▶ Dataset section
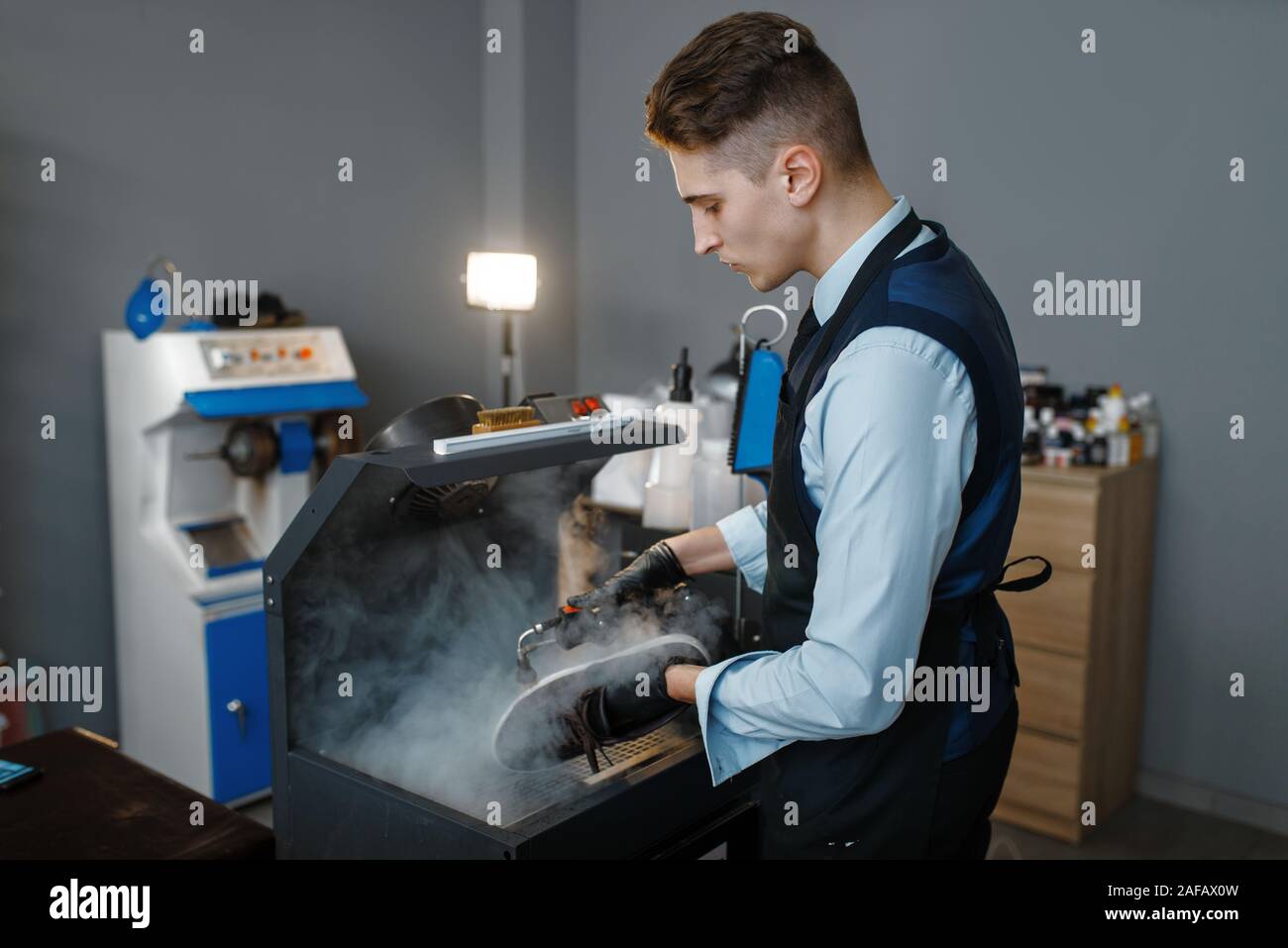Bootmaker processes the shoes on special machine Stock Photo - Alamy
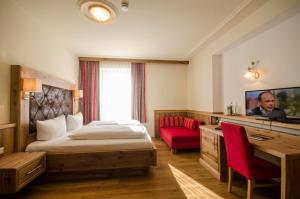 TV a/nebo společenská místnost v ubytování Hotel Gasthof Jägerhaus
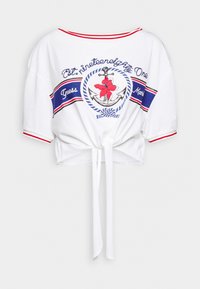 T-shirt blanc court avec des accents rayés rouges et bleus, présentant un graphique d'ancre florale et un détail de tie knot à l'ourlet.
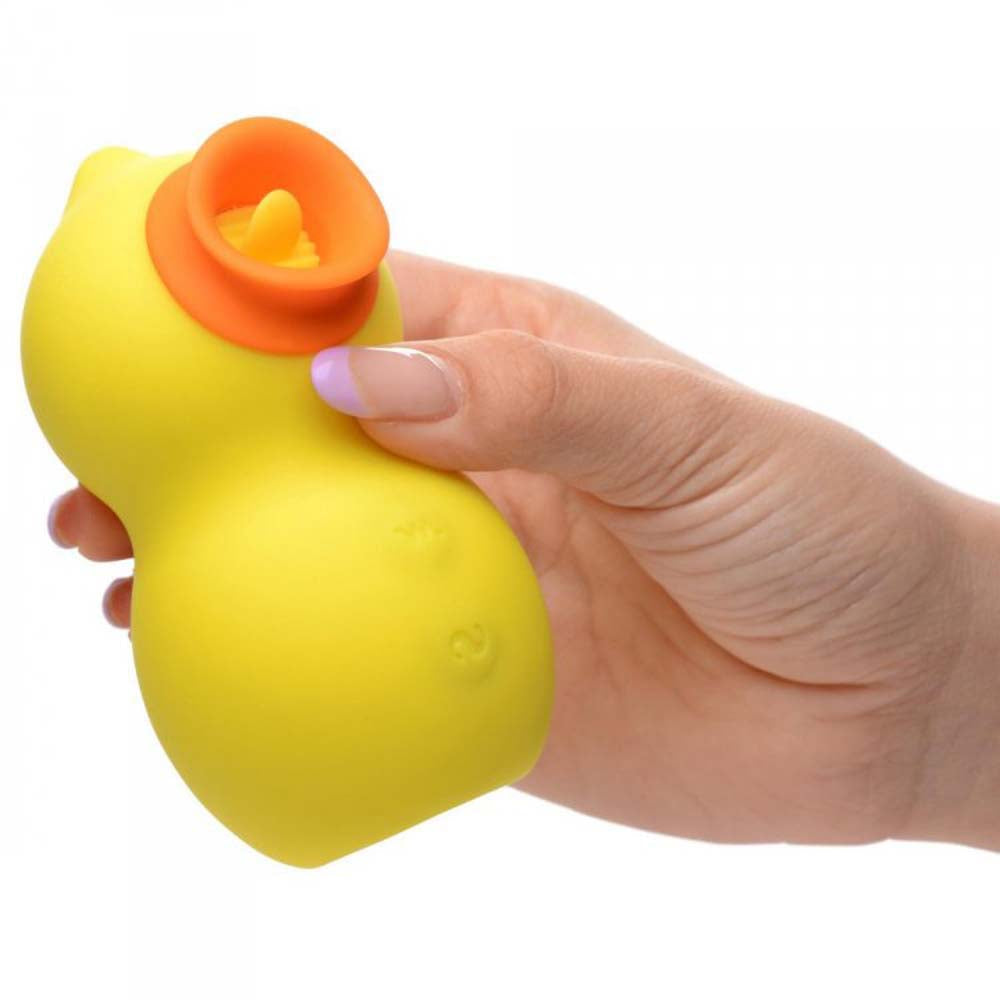 A yellow duck-shaped toy with an orange suction opening held by a hand.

▶ Task to carry out
From the line that contains "TV a/nebo společenská" to the last line of the data, print each line exactly, both ends included, and omit the pictures.

▶ Your response
 TV a/nebo společenská místnost v ubytování Hotel Gasthof Jägerhaus
 T-shirt blanc court avec des accents rayés rouges et bleus, présentant un graphique d'ancre florale et un détail de tie knot à l'ourlet.
 A yellow duck-shaped toy with an orange suction opening held by a hand.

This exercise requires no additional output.